Re: Relative clauses in Ikanirae Seru
From: | Roger Mills <romilly@...> |
Date: | Saturday, April 19, 2003, 21:34 |
Mathias wrote:
> Roger Mills <romilly@...> wrote:
> <<<
> It gets more complicated when non-3d pers. agents are involved (orang yang
> kulihat 'the man who(m) I saw'); and it gets very complicated if not
> impossible to relativize a gentive, dative or some other case--- 'the man
> whose book I read', 'the man to whom I gave the book' or 'the man from
whom
> we bought the car'
> >>>
> Indeed, how would you say that?
> orang yang mobilnya sudah saya beli. (???)

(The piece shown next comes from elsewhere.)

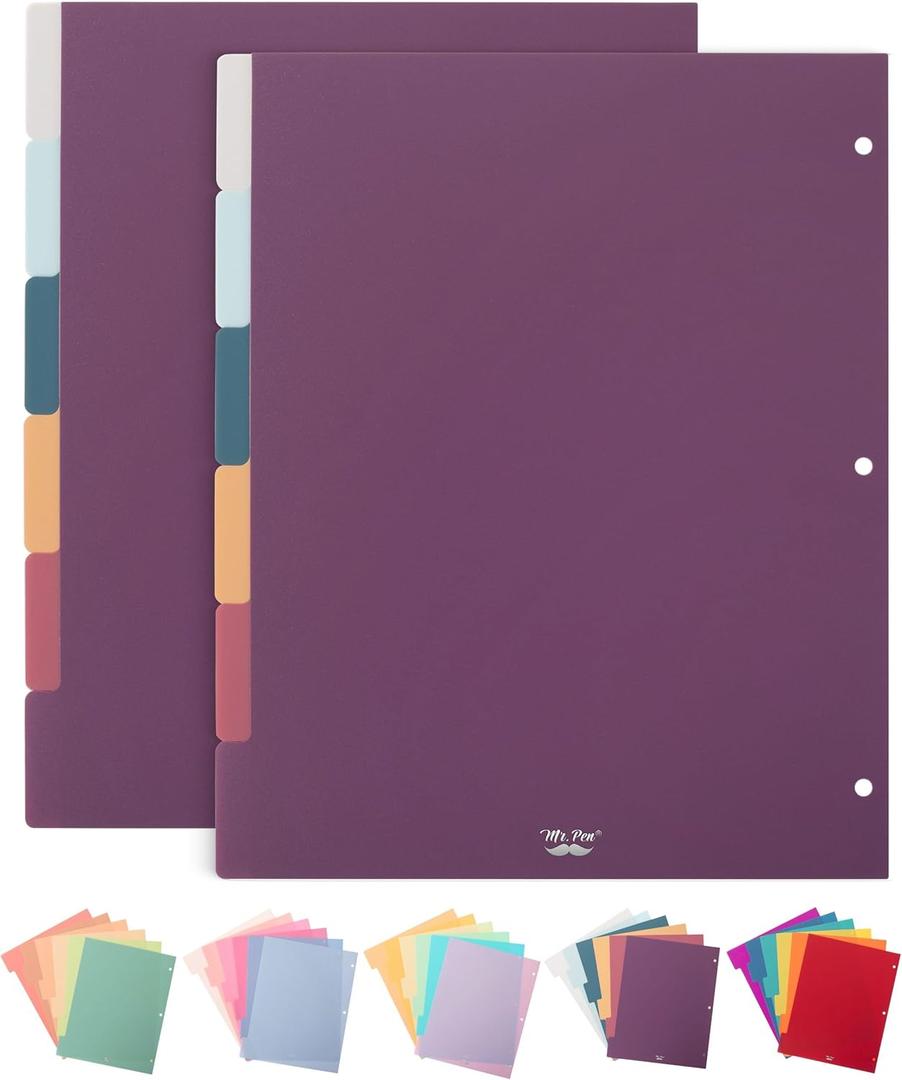 Mr. Pen - 6 Tab Binder Dividers, Pack of 2 Sets (12 Dividers Total), Plastic for 3 Ring Binder (Retro)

> man who car-his past I buy.
Yes, or maybe even with "mobilnya" at the end, as if it were a normal
active SVO, though I suspect the grammarians would cringe. Similarly for
"... the man from whom we bought the car"--
...orang yang mobilnya (sudah) kita beli daripada/nya
man REL his-car past we buy from-him
or maybe ...yang sdh. kita beli mobilnya daripadanya-- in these cases
"yang" seems to have been demoted from a true rel. pron. to a simple marker
that says "the following material modifies the antecedent _as if_ if were a
rel. clause"-- just like the _re_ marker in Kash, and your Gamelang _i_ in
the comparable sentence you gave.
> I don't know whether the form Object+AUX+Subject+Verb can be used here.
Correct AFAIK
> Slang French also tends to keep a pronoun inside the subclause to refer to
> the headnoun:
> "l'homme qu'il a parlé"
> "the man who he talked" = the man who talked
> That's awfully bad French but very common in certain places.
That occurs in Engl. too, mainly as a parody (by Jewish comedians) of
immigrant/ older generation Yiddish speakers' usage-- at least that's the
only context where I've heard it (Jackie Mason et al.)
Out of curiousity, why did you switch from 2-syl. bases to 3-syl?? Is this
a revised version of Tunu, or another language altogether?